The sharpness of our senses is defined by the finest detail we can discriminate. Visual acuity is measured by the smallest letters that can be distinguished on a chart and is governed by the anatomical spacing of the mosaic of sensory elements on the retina. Yet spatial distinctions can be made on a finer scale still: misalignment of borders can be detected with a precision up to 10 times better than visual acuity, as already shown by Ewald Hering in 1899.[1] This hyperacuity, transcending by far the size limits set by the retinal 'pixels', depends on sophisticated information processing in the brain.
The best example of the distinction between acuity and hyperacuity comes from vision, for example when observing stars on a night sky. The first stage is the optical imaging of the outside world on the retina. Light impinges on the mosaic of receptor sense cells, rods and cones, which covers the retinal surface without gaps or overlap, just like the detecting pixels in the film plane of digital cameras. Each receptor accepts all the light reaching it but acts as a unit, representing a single location in visual space. This compartmentalization sets a limit to the decision whether an image came from a single or a double star (resolution). For a percept of separately articulated stars to emerge, the images of the two must be wide enough apart to leave at least one intervening pixel relatively unstimulated between them. This defines the resolution limit and the basis of visual acuity.

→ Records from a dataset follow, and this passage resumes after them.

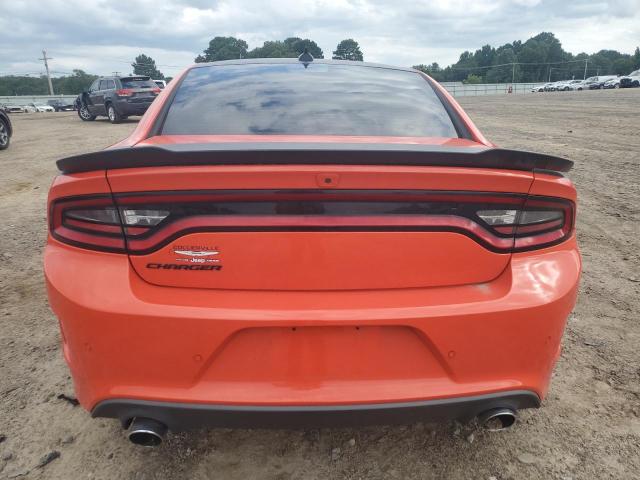 2C3CDXCTXHH605770 Dodge CHARGER R/T
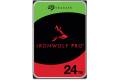 Seagate Ironwolf Pro ST24000NT002 3.5" 7200r/min 24TB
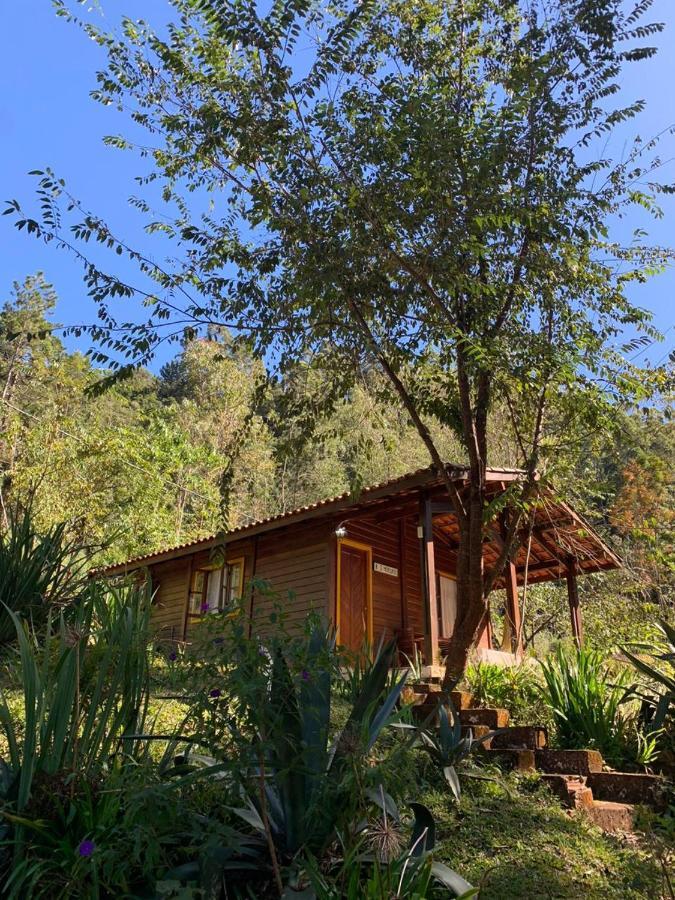 Hotel Fazenda Boa Esperanca Delfim Moreira Ngoại thất bức ảnh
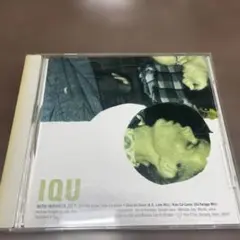 IQU with Miranda July CD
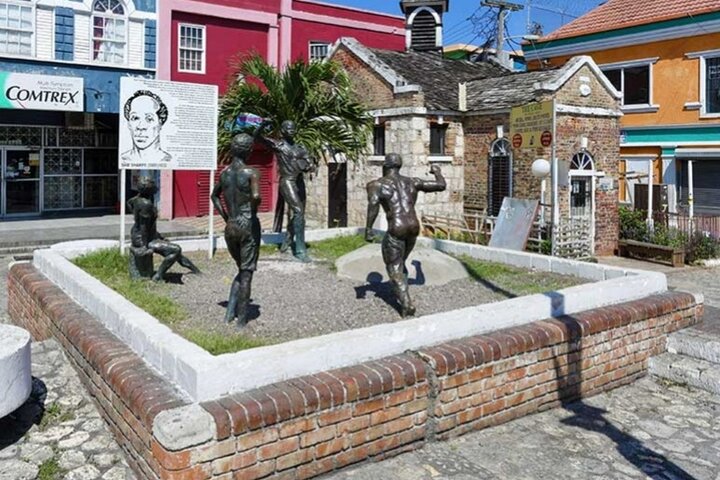 Montego Bay Private Highlights Tour with Pickup - Image 1
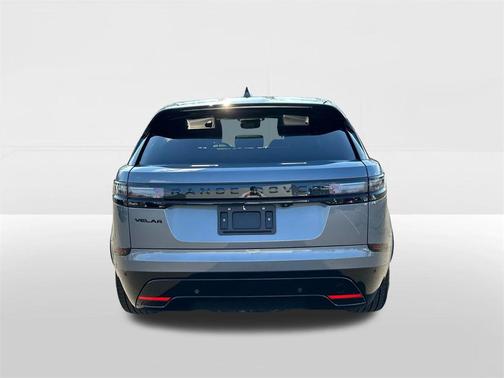 2025 Land Rover Range Rover Velar P250 SE R-Dynamic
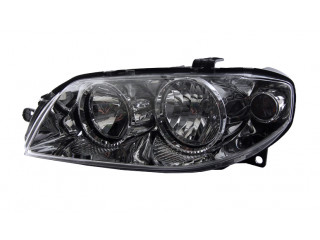 Reflektor lampa  fiat punto 3 iii 03- левая lewe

A quite different mechanism operates in hyperacuity, whose quintessential example and the one for which the word was initially coined,[2] [3] is vernier acuity: alignment of two edges or lines can be judged with a precision five or ten times better than acuity. In computer graphics the phrase "sub-pixel resolution" is sometimes used in discussions of anti-aliasing and geometrical superresolution. Though what is in fact involved is not resolution (is it one or two? – a qualitative distinction) but localization (exactly where? – a quantitative judgment) it captures the process. When an image spreads across several pixels, each with graded intensity response but only a single spatial value, the position of the image center can be located more exactly than the width of the pixel, much like the mean of a histogram can be calculated to a fraction of the bin width.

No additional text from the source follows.